Geotechnical works on vernacular building

Date : 2000


Two adjacent farmhouses, covering an area of circa 900m² with a built-up footprint of about 400m², were erected just off a ridge. These properties were vernacular, unreinforced, masonry buildings. A natural cave, at the basement level, links the adjacent agrarian areas of the properties to the courtyard of one of the farmhouses.

Historically, these tenements formed part of a hamlet, now mostly demolished to make room for speculative real estate development. The mode of construction, building techniques and materials used in the constructions of these properties are worth noting. They are a fine example of vernacular architecture, typical of rural settlements in the Mediterranean. Their building stereotomy is fine and well detailed. They are erected directly on the parent rock which is friable in nature. Boulders along the slopes are witnesses to a natural, continuous, weathering process of the parent rock.

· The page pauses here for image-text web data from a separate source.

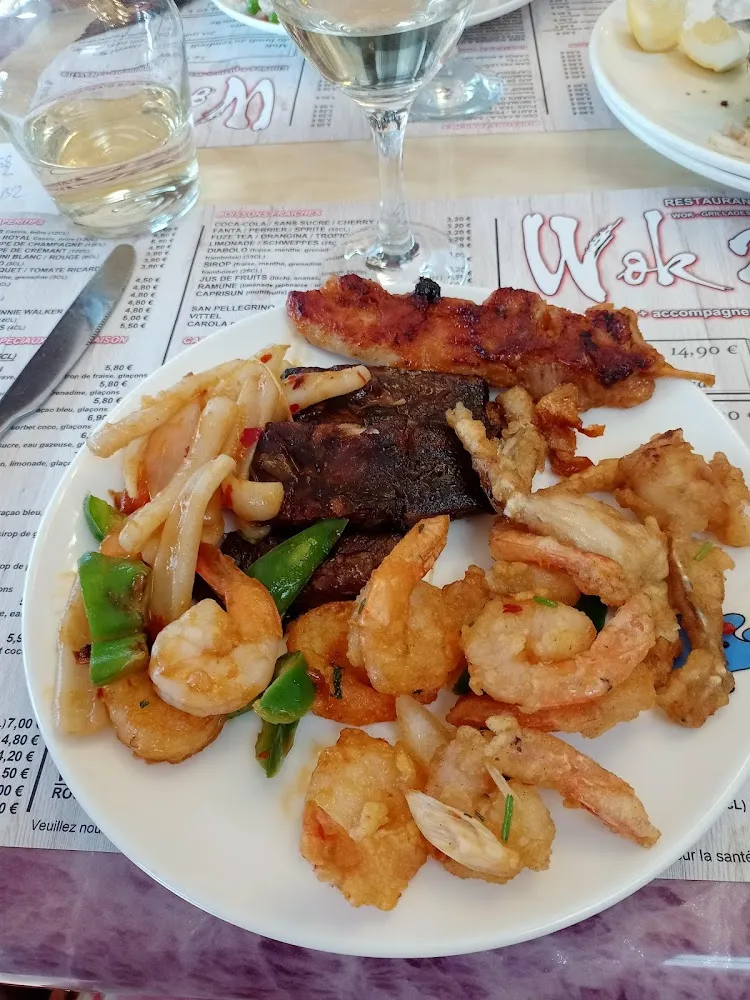 Crevettes Sautées À l'Ail Bouchon Au Porc Nems Au Poulet Beignet de Calamar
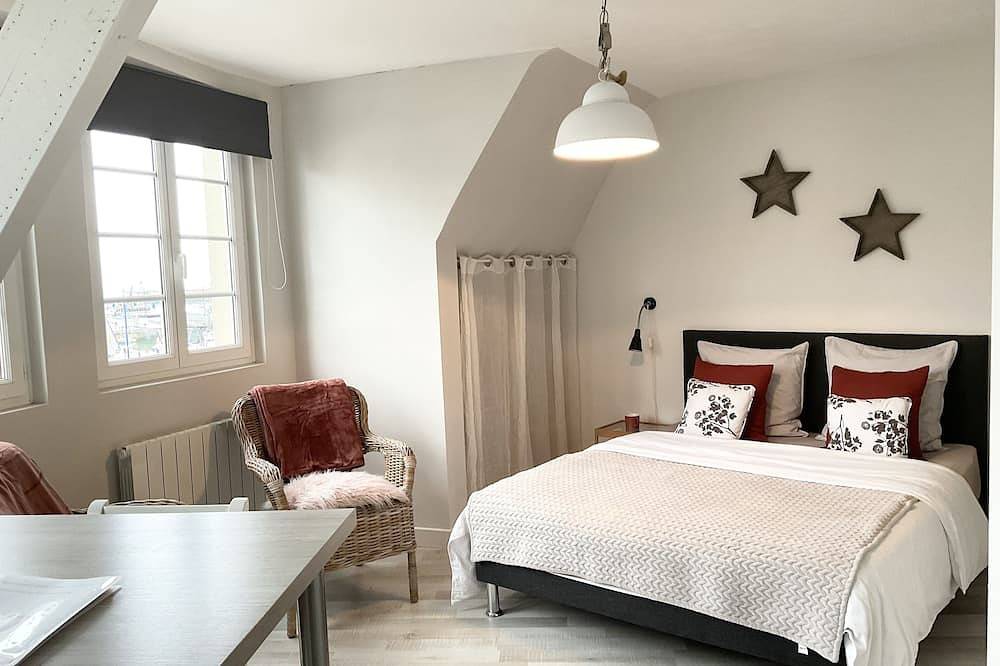 Entire apartment, Bright apartment with harbor views in Port-en-Bessin-Huppain, Bayeux region
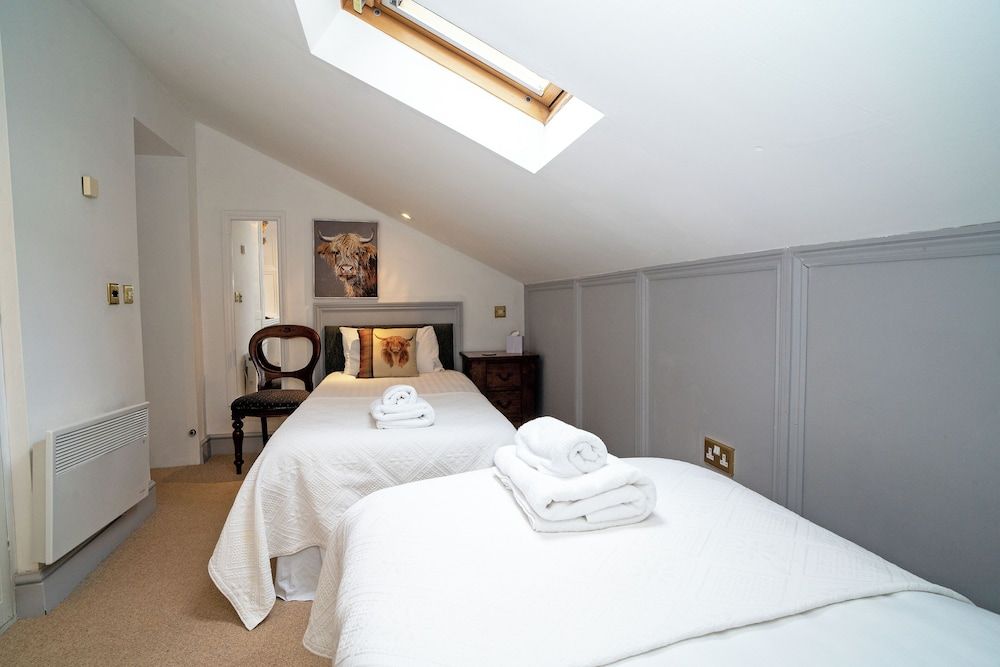 Rams Head Inn Twin Room, Ensuite 2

Ground-transmitted vibrations generated by mechanical excavators in neighbouring tenements were of concern to the structural stability of these farmhouses. To stabilise the grounds and reduce the risk of collapse of these properties, reinforced concrete piles were introduced to peg the boulders. Furthermore, excavation works within 10 metres from the property line could not be affected by means of mechanical excavators. Monitoring of vibrations from excavation works was undertaken and glass telltales were placed across existing cracks in order to help identify any movement during works.